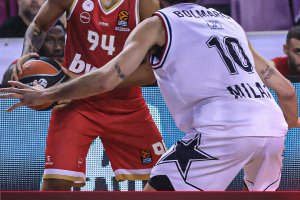 Olimpia Milano combatte fino alla fine, ma a sorridere è l’Olympiacos: infortunio per Devin Booker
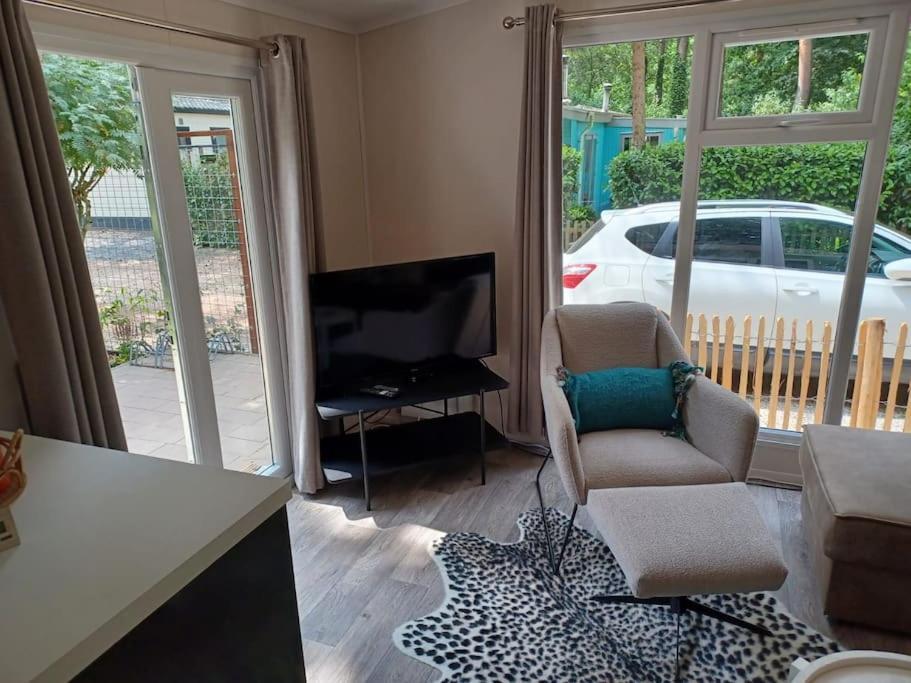 Boshuis Met Grote Tuin I Vakantiepark Met Zwembad Hoenderloo Exterior photo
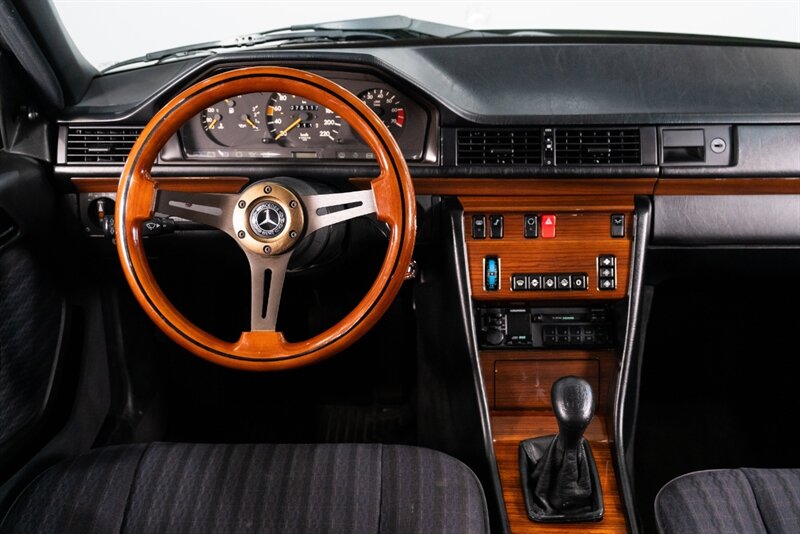 1990 Mercedes-Benz 200e   - Photo 2 - Neptune City, NJ 07753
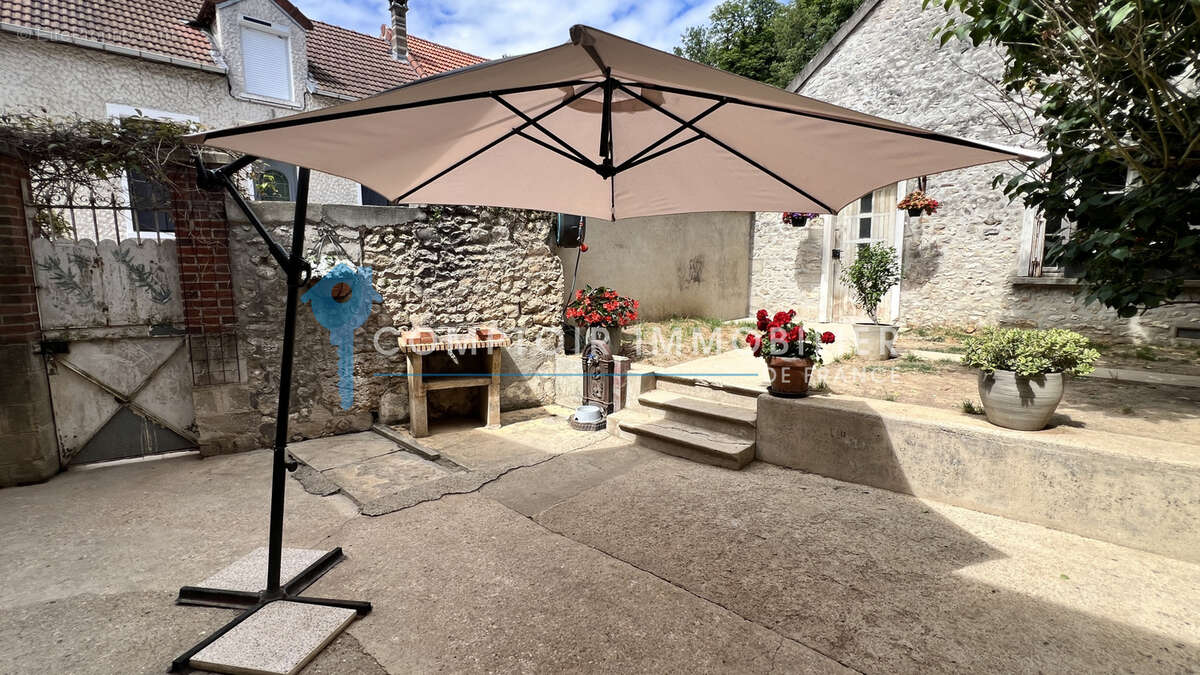 Maison à CERNY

Exercise instructions — Once the pictures are removed, repeat all of the data above exactly.

Solution —
 Olimpia Milano combatte fino alla fine, ma a sorridere è l’Olympiacos: infortunio per Devin Booker
 Boshuis Met Grote Tuin I Vakantiepark Met Zwembad Hoenderloo Exterior photo
 1990 Mercedes-Benz 200e   - Photo 2 - Neptune City, NJ 07753
 Maison à CERNY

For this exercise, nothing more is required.